Monday, September 17, 2012

Reading Response: Stealing Buddha's Dinner Part I

It’s strange to read a memoir about a young girl who feels like an outsider and to realize that when the author speaks about the group that left her out throughout childhood, she is almost literally referring to you. As I read the first nine chapters of Bich Minh Nguyen’s Stealing Buddha’s Dinner this weekend, that’s what I felt like. I was the insider Nguyen described—she was the outsider. The beginning half of Stealing Buddha’s Dinner resonated with me on a very personal level because it outlined almost exactly how “someone like me” could make “different” children feel at a young age.
My childhood was what I considered “normal.” I grew up in Holland, Michigan, a small, Dutch, Christian-Reformed, West Michigan lakeshore town. I ate Pringles, prayed with my family before dinner, and always went to school with a cold lunch prepared by one of my parents with a little note tucked inside. I remember my mom making banana bread and Jiffy corn bread and Nestlé Toll House chocolate chip cookies on a regular basis. My dad sometimes took me to McDonalds for an “Egg McMuffin” or chicken nuggets. We even participated in the strange Dutch tradition of, as Nguyen writes, “dredging every piece” of dinner in applesauce.
Nguyen writes of an immigrant childhood filled with Vietnamese food, fascination with Americanism, and cultural tension. She writes of moving to a West Michigan town like mine and having many Dutch, Christian-Reformed neighbors. She longs for Pringles, Jiffy bread, Nestlé Toll House chocolate chip cookies, and McDonalds’ fast food. While she ate lunch from Styrofoam trays in elementary school, she remarks that the implicit lunchtime judgment was that, “if you had to get lunch from the cafeteria, then your mom obviously didn’t care enough.” American traditions like prayer and applesauce at dinner make her uncomfortable.
The contrast between my childhood and Nguyen’s seems remarkable to me, but I know that many other young girls in the Midwest probably experienced the various American customs I’ve listed and that Nguyen describes in her memoir.
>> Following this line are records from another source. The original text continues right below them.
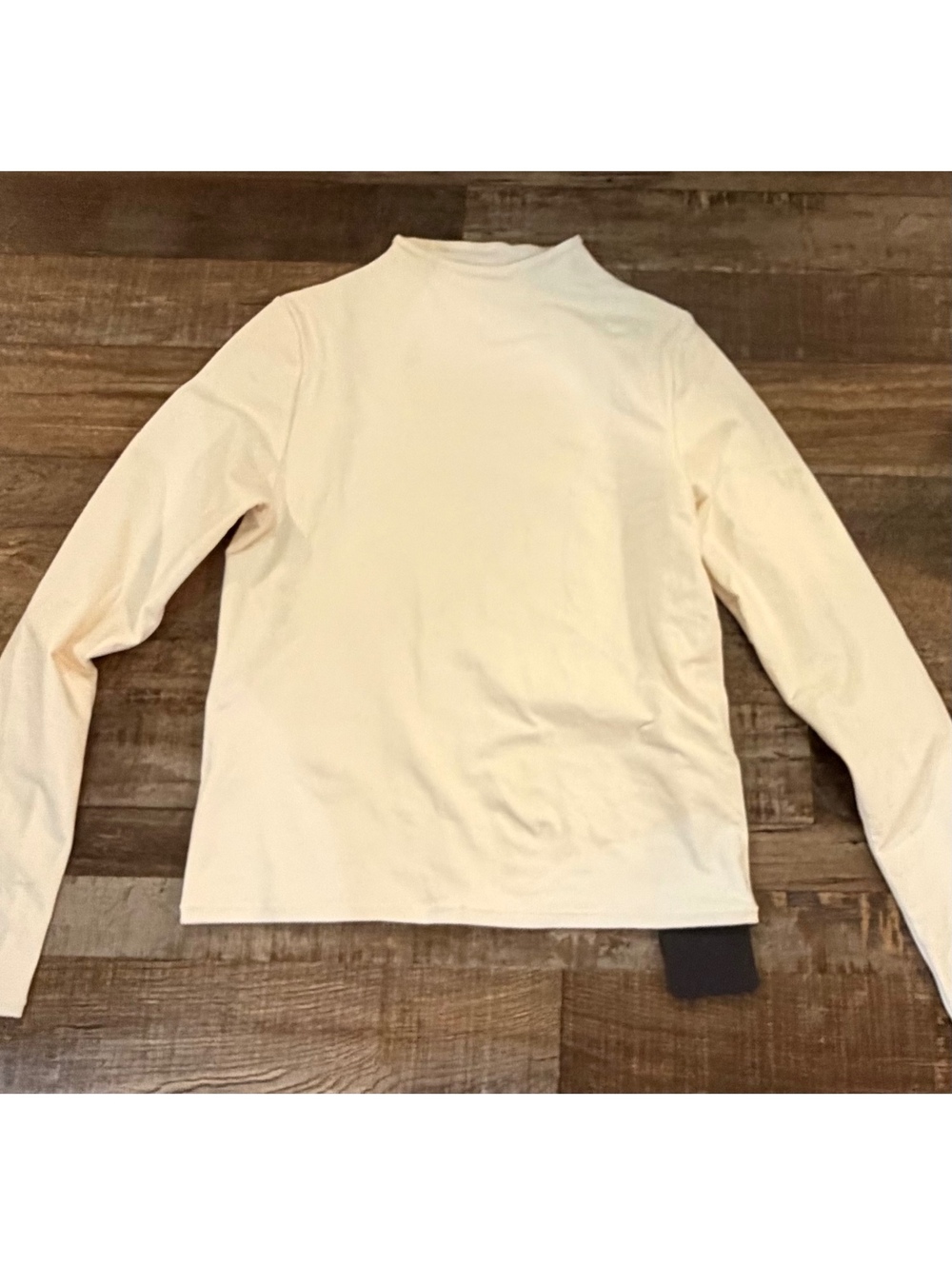 NWT Fabletics Long Sleeve Mock Neck Top Ivory Cream Women’s M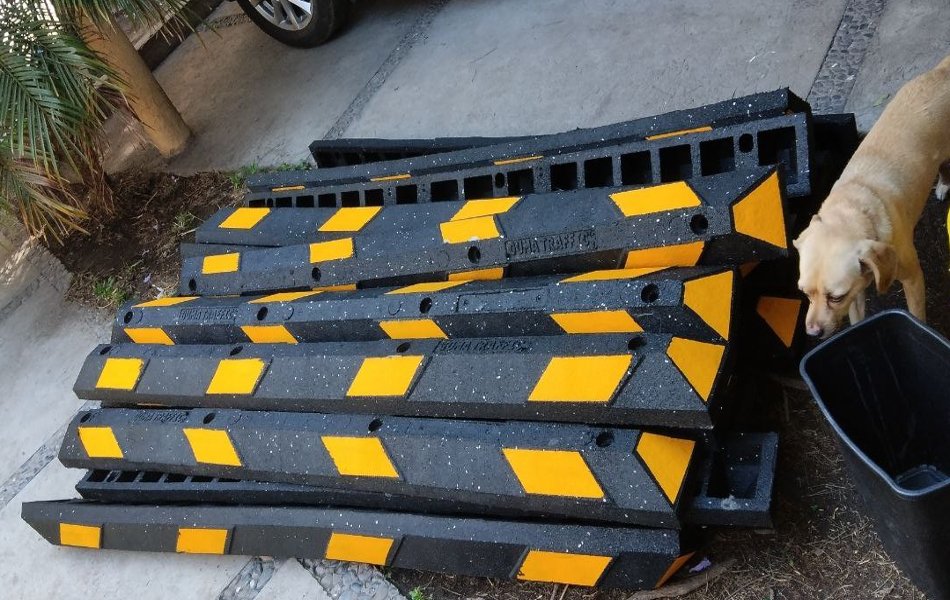Tope de caucho para estacionamiento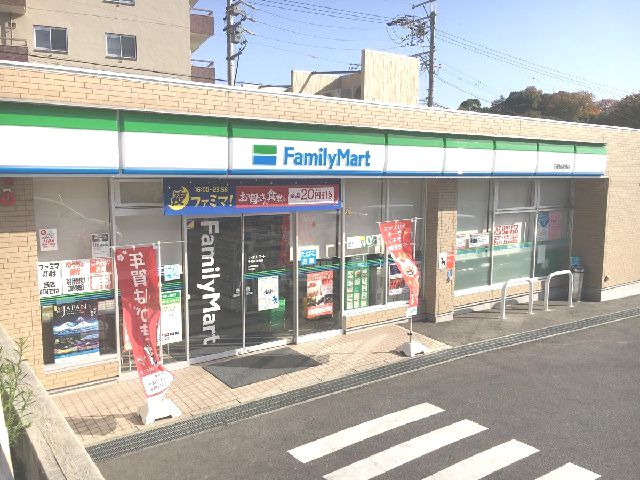 コンビニ　ファミリーマート千種猫洞通店（コンビニ）まで440m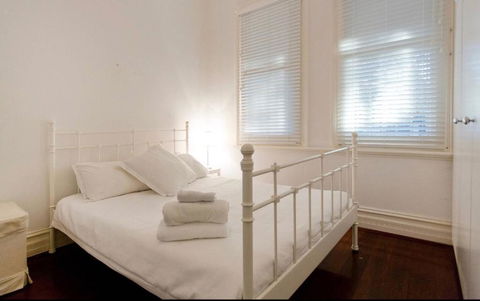 Gorgeous Subiaco Cottage - Accommodation Newcastle 2
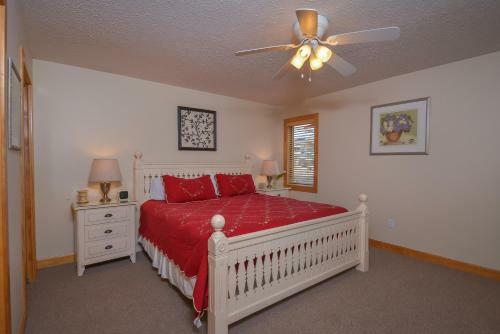 Sunny Boy Four-bedroom Holiday Home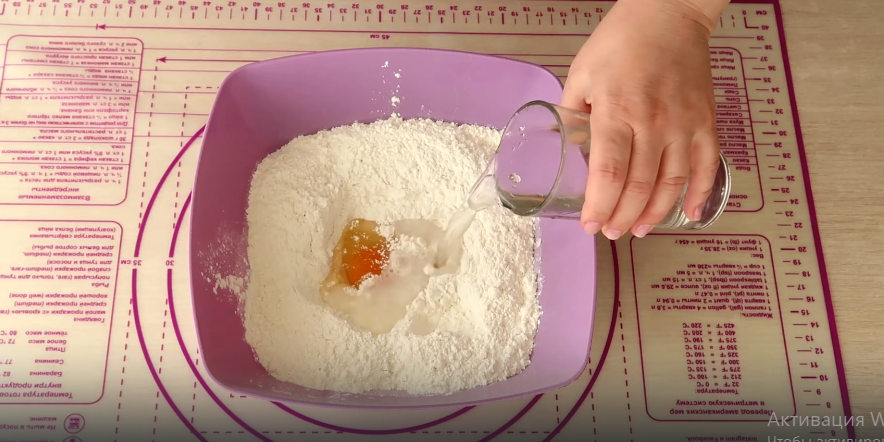 Разбиваем одно яйцо и вливаем воду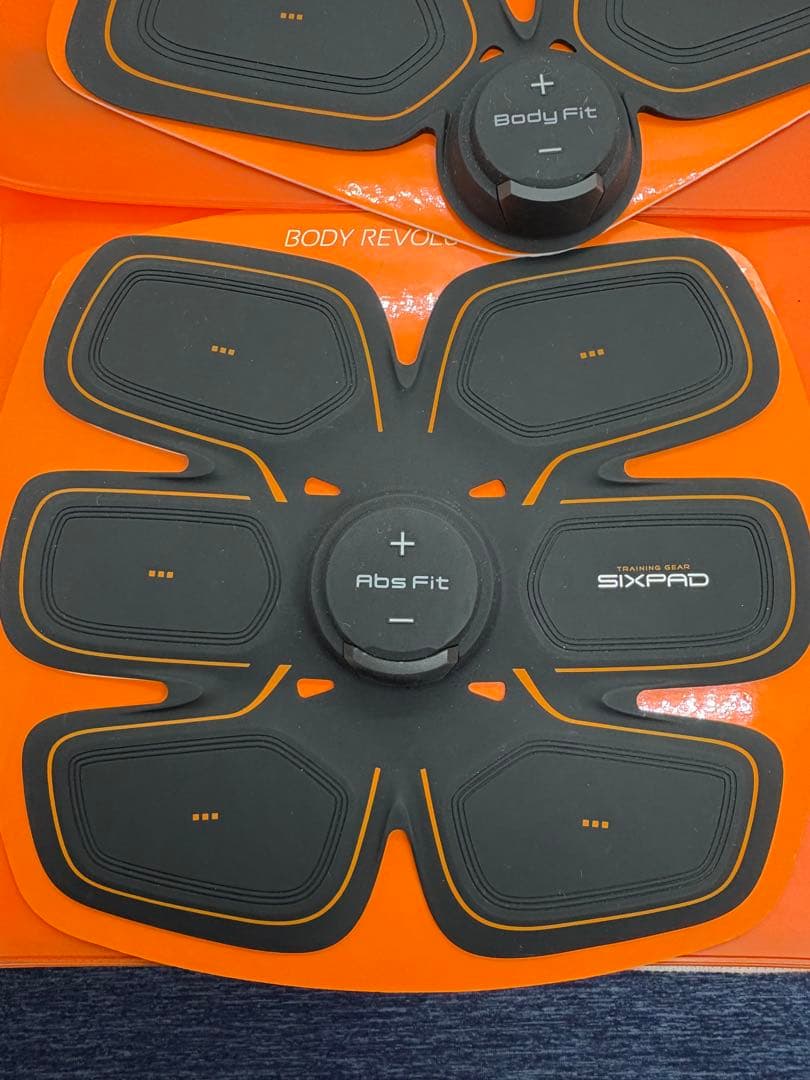 【新年感謝セール】SIXPAD アブズフィット2 & ボディフィット2×2セット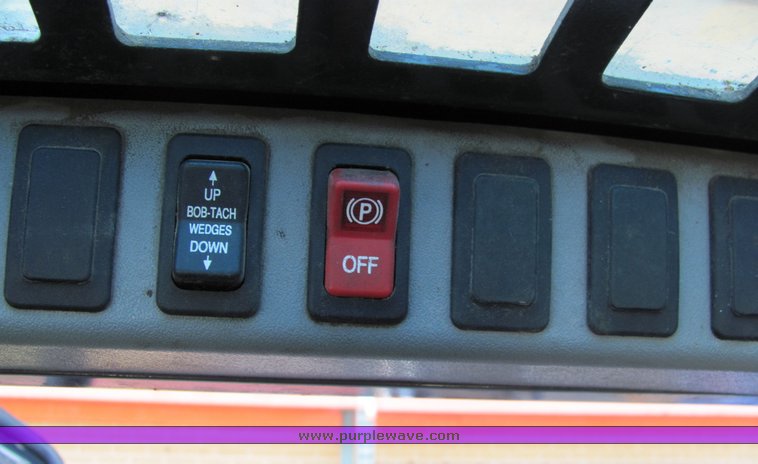 image for item 4308 2008 Bobcat S185 skid steer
The connection seems deeper for me though because my dad and his family moved from the Netherlands to a small house on Baldwin Street in Grand Rapids, Michigan in 1956. When Nguyen and her family moved into a house about two blocks down the street in 1975, my dad was a sophomore in college, but the rest of his family still lived on Baldwin in the same neighborhood as the Nguyen family. “I know exactly where the house was,” he said when I asked him about his neighbor.
My dad said he doesn’t remember ever meeting a young girl named Bich. Their age difference and the Nguyen family’s move from Baldwin must have kept them from ever knowing each other. I know, however, that what she writes about her childhood in Grand Rapids must be true. I grew up listening to bedtime stories about all of my dad’s Dutch friends on Baldwin Street. I know that applesauce on meat was a regular dinnertime occurrence in those households because I picked up the trick from my grandparents and my dad. I know that most of the children were blond haired and blue eyed because my dad and his brothers and sisters and their friends were too. Life on Baldwin seems to be just as Nguyen describes it.
While it must have been excruciatingly difficult for Nguyen and her sister to grow up in a neighborhood where everyone was so different from them, I also know that it was difficult for my dad and his brothers and sisters too. I can’t seem to shake the reminder that although the similarities between my family and their Dutch neighbors made Nguyen feel so outcast, my dad’s family was an immigrant family just like hers. Life wasn’t easy for them either. They didn’t speak English well when they started school, they didn’t understand all of the American customs, they were poor, and their parents made foods like banket and oliebollen instead of muffins and chocolate chip cookies.
According to my dad, he and his siblings assimilated to American culture relatively quickly and I’m sure it was helpful for them to have so many Dutch friends nearby. By the time the Nguyen family moved into the neighborhood, the Donk family and all of the other new Dutch immigrants on the street must have seemed as American as anyone else. It’s strange to think that Nguyen could be describing the Donks and their neighbors throughout the book, but I also think this is an important lesson for me. I’m sure that when many of the Mexican immigrants in my elementary school classes moved to Holland, they felt the same way about my friends and I as Nguyen describes feeling about my aunts and uncles and their neighbors in the book. I’d never given this a single thought before. I don’t know whether this new connection is something I should be ashamed of, but I do think it’s important.

1 comment:

  1. What a wonderful insight, Kelsey. I think shame can only be useful when it's instructive to us--and when we can separate it from our identity. The United States is an immigrant culture, and somewhere in each of our pasts, our people were outsiders. That some of us have the privilege to lose that sense of "difference," I think, does our culture a disservice, especially in that it can lead to our oppressing (intentionally or unintentionally) those we deem as "Other." I cannot wait to hear more of your stories and connections to this book.